- _Task goal_:
Beginning at the line containing "Tasty cupcakes with" in the material below and ending at the line containing "Backyard patio and", return each line exactly and add nothing.

- _Entries shown_:
- - - -

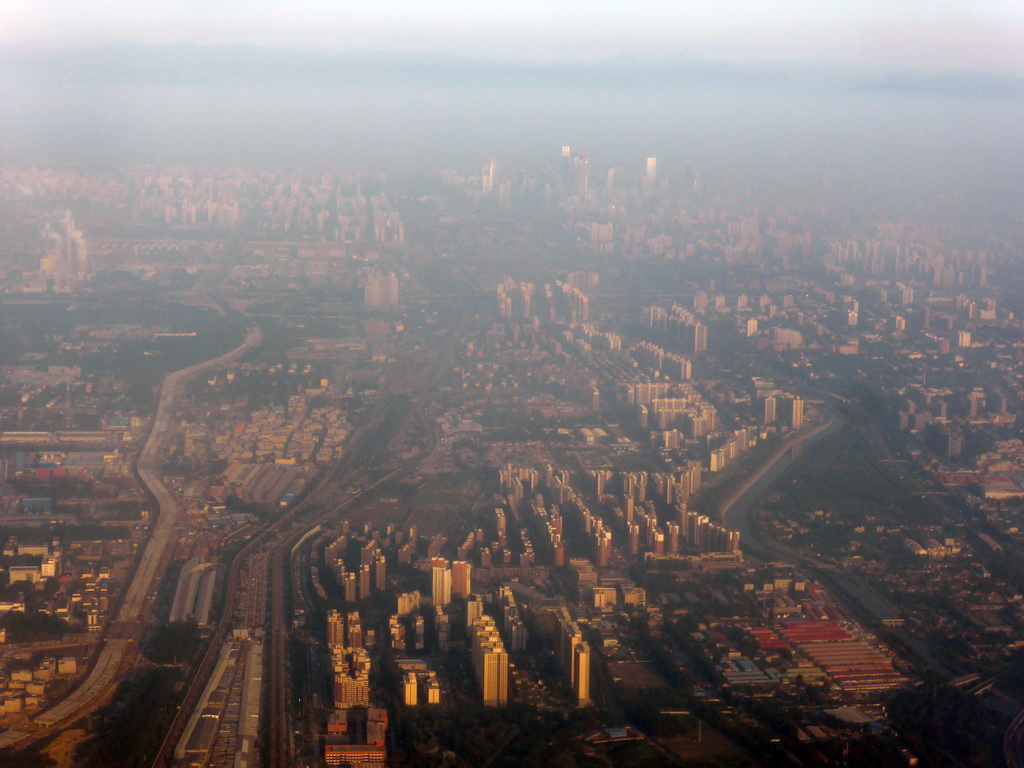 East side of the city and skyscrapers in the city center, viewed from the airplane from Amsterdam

- - - -

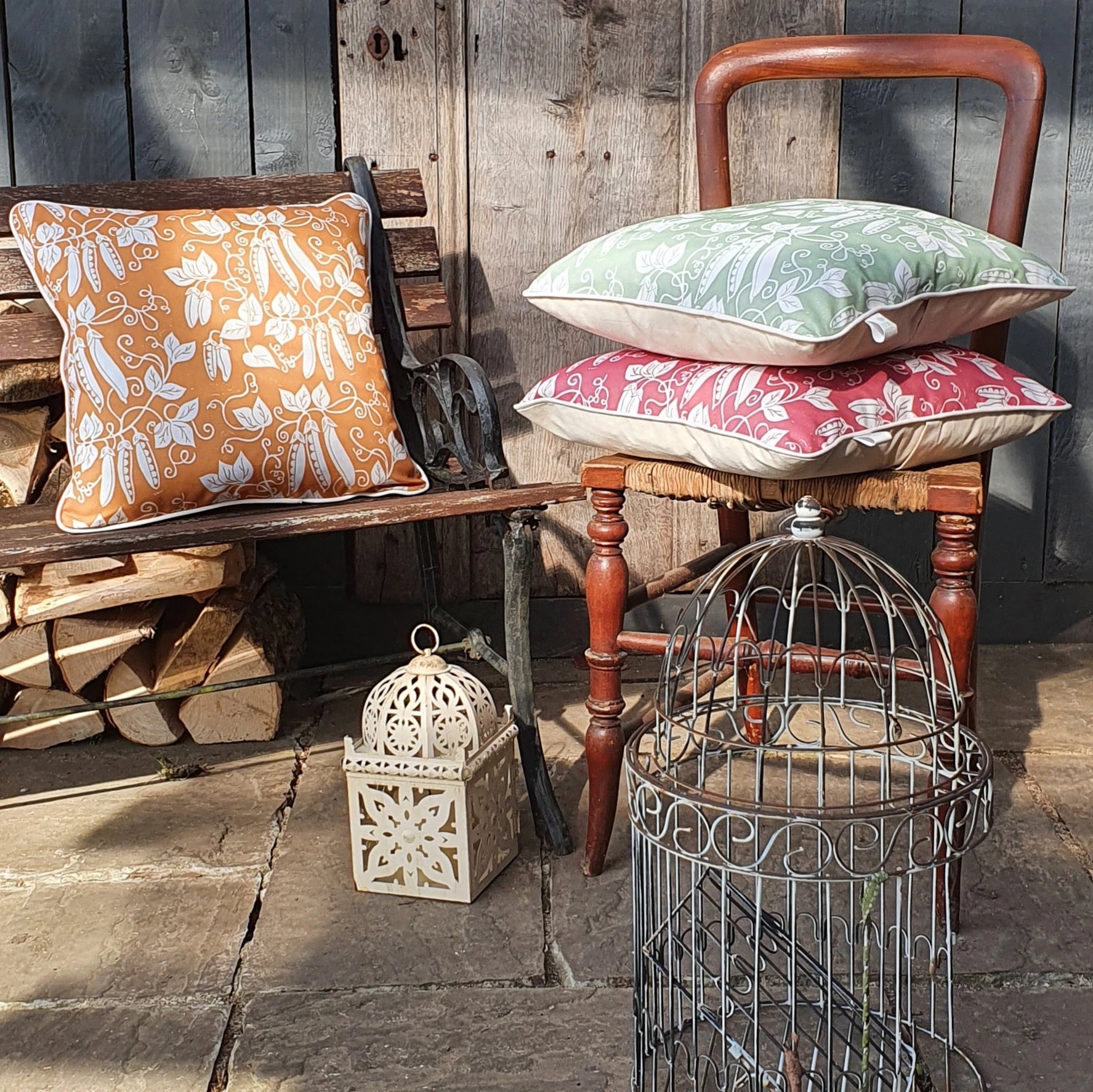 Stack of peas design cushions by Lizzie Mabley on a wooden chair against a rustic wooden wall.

- - - -

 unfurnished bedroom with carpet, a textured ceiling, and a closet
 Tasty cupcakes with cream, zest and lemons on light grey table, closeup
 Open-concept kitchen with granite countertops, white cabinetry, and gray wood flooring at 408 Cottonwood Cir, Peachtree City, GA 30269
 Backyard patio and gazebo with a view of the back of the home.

- - - -

- _Solved exercise_:
 Tasty cupcakes with cream, zest and lemons on light grey table, closeup
 Open-concept kitchen with granite countertops, white cabinetry, and gray wood flooring at 408 Cottonwood Cir, Peachtree City, GA 30269
 Backyard patio and gazebo with a view of the back of the home.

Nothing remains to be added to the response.